Directed by: Daniel Espinosa.
Written by: David Guggenheim.
Starring: Denzel Washington (Tobin Frost), Ryan Reynolds (Matt Weston), Vera Farmiga (Catherine Linklater), Brendan Gleeson (David Barlow), Sam Shepard (Harlan Whitford), Rubén Blades (Carlos Villar), Nora Arnezeder (Ana Moreau), Robert Patrick (Daniel Kiefer), Liam Cunningham (Alec Wade), Joel Kinnaman (Keller), Fares Fares (Vargas).
Denzel Washington has such gravitas as an actor that even in a movie as patently ridiculous as Safe House, you believe him. In fact, Washington is so good in Safe House that he makes the whole movie work. No, the movies plot isn’t the least bit realistic or original, but then it was never really meant to be. And the hand to hand combat scenes are shot in that annoying shaky camera style where it becomes almost impossible to tell who the hell is fighting and what the hell they’re doing to each other. And yet, when Washington is on screen – and he’s there for most of the movie – you don’t really care. Throw in a solid supporting cast, some excellent car chases, and a plot, that while unbelievable, does keep you guessing from one scene to the next, Safe House actually becomes a fairly good guilty pleasure.
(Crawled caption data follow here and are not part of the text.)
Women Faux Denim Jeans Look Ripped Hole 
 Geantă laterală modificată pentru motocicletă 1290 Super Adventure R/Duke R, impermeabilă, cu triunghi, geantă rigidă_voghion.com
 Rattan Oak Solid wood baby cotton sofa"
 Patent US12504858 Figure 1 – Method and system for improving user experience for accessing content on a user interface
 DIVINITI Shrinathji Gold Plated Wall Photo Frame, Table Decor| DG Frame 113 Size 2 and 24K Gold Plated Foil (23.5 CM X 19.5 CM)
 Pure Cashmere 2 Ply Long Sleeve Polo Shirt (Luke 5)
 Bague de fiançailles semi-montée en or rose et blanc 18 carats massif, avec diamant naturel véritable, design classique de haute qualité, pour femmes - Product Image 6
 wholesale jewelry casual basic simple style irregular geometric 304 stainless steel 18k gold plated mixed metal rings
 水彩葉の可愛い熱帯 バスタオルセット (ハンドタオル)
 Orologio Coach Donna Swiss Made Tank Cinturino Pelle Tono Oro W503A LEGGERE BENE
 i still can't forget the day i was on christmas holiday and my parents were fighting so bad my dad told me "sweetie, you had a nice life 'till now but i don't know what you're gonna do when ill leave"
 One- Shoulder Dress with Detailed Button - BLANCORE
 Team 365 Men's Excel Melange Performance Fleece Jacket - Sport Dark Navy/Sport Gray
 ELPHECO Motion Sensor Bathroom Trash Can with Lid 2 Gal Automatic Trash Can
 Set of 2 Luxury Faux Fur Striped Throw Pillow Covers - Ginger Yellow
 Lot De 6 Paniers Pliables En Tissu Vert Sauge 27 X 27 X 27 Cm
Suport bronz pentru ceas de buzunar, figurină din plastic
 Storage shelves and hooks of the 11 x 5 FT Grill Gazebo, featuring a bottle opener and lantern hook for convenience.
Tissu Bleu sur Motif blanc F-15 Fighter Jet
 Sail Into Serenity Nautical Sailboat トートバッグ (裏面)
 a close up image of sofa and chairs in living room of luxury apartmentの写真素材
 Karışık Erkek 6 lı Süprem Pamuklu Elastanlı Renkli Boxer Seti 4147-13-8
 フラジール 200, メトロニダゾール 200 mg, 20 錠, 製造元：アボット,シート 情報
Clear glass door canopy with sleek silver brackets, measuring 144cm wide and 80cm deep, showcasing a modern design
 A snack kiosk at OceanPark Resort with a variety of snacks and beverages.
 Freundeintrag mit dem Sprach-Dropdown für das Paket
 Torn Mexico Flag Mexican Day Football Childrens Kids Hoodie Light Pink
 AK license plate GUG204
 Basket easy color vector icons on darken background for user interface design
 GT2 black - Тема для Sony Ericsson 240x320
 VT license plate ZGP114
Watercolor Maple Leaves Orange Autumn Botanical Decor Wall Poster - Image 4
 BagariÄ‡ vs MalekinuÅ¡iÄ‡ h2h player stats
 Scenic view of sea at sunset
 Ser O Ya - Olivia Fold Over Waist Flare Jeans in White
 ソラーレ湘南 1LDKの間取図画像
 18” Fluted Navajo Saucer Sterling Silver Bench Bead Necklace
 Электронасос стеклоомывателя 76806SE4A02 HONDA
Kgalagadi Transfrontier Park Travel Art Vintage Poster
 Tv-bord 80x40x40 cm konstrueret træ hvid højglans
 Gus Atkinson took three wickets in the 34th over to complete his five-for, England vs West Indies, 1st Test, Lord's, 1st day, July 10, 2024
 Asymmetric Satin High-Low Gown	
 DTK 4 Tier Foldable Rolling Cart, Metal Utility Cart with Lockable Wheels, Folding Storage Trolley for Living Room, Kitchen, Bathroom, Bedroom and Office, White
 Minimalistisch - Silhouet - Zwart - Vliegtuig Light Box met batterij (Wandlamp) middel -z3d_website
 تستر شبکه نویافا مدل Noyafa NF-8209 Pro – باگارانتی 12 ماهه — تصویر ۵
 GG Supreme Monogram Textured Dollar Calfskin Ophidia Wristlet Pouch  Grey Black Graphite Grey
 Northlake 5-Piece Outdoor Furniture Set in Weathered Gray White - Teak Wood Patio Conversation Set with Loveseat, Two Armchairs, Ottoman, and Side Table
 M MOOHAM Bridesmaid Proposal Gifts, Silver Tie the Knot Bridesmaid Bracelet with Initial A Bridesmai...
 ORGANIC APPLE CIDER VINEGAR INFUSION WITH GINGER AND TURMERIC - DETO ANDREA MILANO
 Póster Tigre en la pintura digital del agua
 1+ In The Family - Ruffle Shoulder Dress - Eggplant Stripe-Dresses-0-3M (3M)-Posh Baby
Washington plays Tobin Frost, once one of the best CIA agents they had, but who a decade ago turned rogue, selling intelligence to whoever was willing to buy it. In Cape Town to buy a file from a MI6 agent, and then turn around and sell it again, he gets caught in a trap he cannot escape – so out of desperation heads to the American Consulate and tells them who he is. It isn’t long before the CIA sends a team to pick him up for some “enhanced interrogation”. To do this, they go to the safe house manned by frustrated, low level CIA agent Matt Weston (Ryan Reynolds), who wants a chance to do field work, inside of sitting inside an empty building answering the phone, and watching surveillance video all day. Of course, the safe house is compromised, the interrogation team gets killed, and Weston has to take control of Frost himself and hit the road, trying to stay one step ahead of their pursuers. But how did they know about the Safe House in the first place? Can he even trust his own superiors?
Safe House keeps you guessing from one scene to the next – you never really know who to trust, who is good, who is bad or why everyone is so intent on catching or killing Frost. You don’t much care either, because Safe House moves so quickly from one scene to the next, and pumps up the action, violence and overall volume to such a high degree, that you don’t really have time to think. Directed by Daniel Espinoza, the film is obviously inspired by frequent Washington collaborator Tony Scott (Man on Fire, Déjà Vu, Unstoppable) – in fact the style is so similar to Scott’s that when I saw a preview, I just assumed that this was another Tony Scott-Denzel Washington film. I kind of wish it was – because even though Scott has gone further and further over the top over the years, his high style works perfectly for his movies – and although he cuts as rapidly as Michael Bay, his action scenes still somehow manage to make sense. While Espinoza is able to get the multiple car chases and shootouts pretty much spot on, he fails in the films many hand to hand combat scenes. In particular, there are a few fight scenes at the end of the movie where I could not tell who was fighting who, or what the hell they were doing to each other. You kind of have to wait until the dust settles to figure out who is still alive, and just how injured they are.
A movie like Safe House needs a baseline to make it believable – and that baseline is Washington. Washington is such a charming actor, with that smile, that you cannot help but like him, even in a role like this where he is clearly not a good guy. He also has that physical intensity, that simmering rage and violence just beneath the surface, that you know he’s capable of just about anything, which is why you stay on the edge of your seat throughout. Ryan Reynolds is essentially playing the straight man here, being a fairly straight forward, almost boring character, as to not detract from Washington. As the CIA agents in Washington, desperate to find and keep Frost, Vera Farmiga, Sam Shepard and especially Brenden Gleason are all quite good. This is the type of film you know all three are doing for a paycheck more than anything else, but that doesn’t mean they aren’t fine in their roles.
You really cannot take a movie like Safe House all that seriously – you see where its going from the beginning, and the plot is unbelievable. And yet, perhaps because of all the serious Oscar movies I have watched recently (not just from 2011, but years past as well for my soon to return Best Movies I’ve Never Seen Before series), Safe House, as a straight ahead, balls to the wall action film and guilty pleasure did its job. It’s not a great movie by any means, but if the preview intrigues you, I cannot imagine you being disappointed by the film.